[INFORMATION — start]
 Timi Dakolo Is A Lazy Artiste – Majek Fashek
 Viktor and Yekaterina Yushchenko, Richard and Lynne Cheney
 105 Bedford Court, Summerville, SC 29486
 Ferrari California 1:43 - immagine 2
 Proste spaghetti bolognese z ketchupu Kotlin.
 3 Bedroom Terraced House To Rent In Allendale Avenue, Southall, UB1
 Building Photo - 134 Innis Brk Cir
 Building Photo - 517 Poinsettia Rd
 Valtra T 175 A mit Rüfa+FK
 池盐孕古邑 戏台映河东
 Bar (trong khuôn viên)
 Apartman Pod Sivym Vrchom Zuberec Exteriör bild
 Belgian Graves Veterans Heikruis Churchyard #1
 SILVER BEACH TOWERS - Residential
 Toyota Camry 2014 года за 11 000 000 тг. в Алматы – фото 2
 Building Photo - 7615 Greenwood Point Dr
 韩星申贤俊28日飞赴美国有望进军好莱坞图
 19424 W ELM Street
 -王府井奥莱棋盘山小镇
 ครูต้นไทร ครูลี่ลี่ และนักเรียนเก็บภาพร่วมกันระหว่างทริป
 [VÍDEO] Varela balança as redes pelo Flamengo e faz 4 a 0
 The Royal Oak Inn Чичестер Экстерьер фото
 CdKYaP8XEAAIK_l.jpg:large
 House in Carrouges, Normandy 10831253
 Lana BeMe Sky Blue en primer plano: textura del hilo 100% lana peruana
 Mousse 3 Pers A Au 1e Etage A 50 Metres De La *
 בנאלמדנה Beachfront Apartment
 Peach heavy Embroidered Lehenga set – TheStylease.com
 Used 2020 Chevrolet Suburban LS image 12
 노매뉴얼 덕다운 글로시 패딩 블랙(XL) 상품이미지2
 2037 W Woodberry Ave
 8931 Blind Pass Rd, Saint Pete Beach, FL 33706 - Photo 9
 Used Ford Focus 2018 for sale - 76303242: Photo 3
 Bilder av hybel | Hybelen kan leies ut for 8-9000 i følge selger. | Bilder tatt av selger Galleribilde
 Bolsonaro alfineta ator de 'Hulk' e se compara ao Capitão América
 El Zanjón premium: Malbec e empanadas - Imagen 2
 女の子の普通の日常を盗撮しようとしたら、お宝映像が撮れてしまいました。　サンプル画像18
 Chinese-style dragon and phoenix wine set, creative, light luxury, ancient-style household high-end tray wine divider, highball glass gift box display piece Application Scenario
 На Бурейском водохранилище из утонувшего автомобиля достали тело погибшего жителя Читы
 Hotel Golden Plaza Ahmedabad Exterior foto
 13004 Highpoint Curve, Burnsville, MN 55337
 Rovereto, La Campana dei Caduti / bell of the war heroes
[INFORMATION — finish]
Write down exactly the span of lines above from the one containing "ครูต้นไทร ครูลี่ลี่ และนักเรียนเก็บภาพร่วมกันระหว่างทริป" to the one containing "House in Carrouges, Normandy 10831253", both ends included.

 ครูต้นไทร ครูลี่ลี่ และนักเรียนเก็บภาพร่วมกันระหว่างทริป
 [VÍDEO] Varela balança as redes pelo Flamengo e faz 4 a 0
 The Royal Oak Inn Чичестер Экстерьер фото
 CdKYaP8XEAAIK_l.jpg:large
 House in Carrouges, Normandy 10831253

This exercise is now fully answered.